Models are SQL SELECT statements that define a transformation. Each model lives in a .sql file and creates one table or view in your warehouse.

Model file: models/dim_customers.sql

SELECT
    customer_id,
    customer_name,
    segment
FROM {{ ref('stg_customers') }}

Models are typically organized in layers:

LayerPrefixPurpose
Stagingstg_Light transformations, 1:1 with source tables
Intermediateint_Business logic, joining staging models
Martsdim_, fct_Final tables for BI tools and analysts

What is the ref() function?

ref() is dbt’s most important function. It creates dependencies between models and handles schema/database references automatically.

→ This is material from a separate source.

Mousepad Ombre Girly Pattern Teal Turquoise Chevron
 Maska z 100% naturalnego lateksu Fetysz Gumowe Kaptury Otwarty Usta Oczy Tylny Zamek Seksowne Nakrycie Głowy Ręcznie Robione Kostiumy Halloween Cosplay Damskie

-- This creates a dependency on stg_orders
SELECT * FROM {{ ref('stg_orders') }}

Why use ref():

  • dbt builds a DAG (dependency graph) from refs
  • Ensures models run in correct order
  • Handles environment-specific schemas (dev vs prod)
  • Enables impact analysis

Never hardcode table names. Always use ref() for models and source() for raw tables.


What are sources?

Sources define your raw data tables that exist in the warehouse before dbt runs. They’re declared in YAML files.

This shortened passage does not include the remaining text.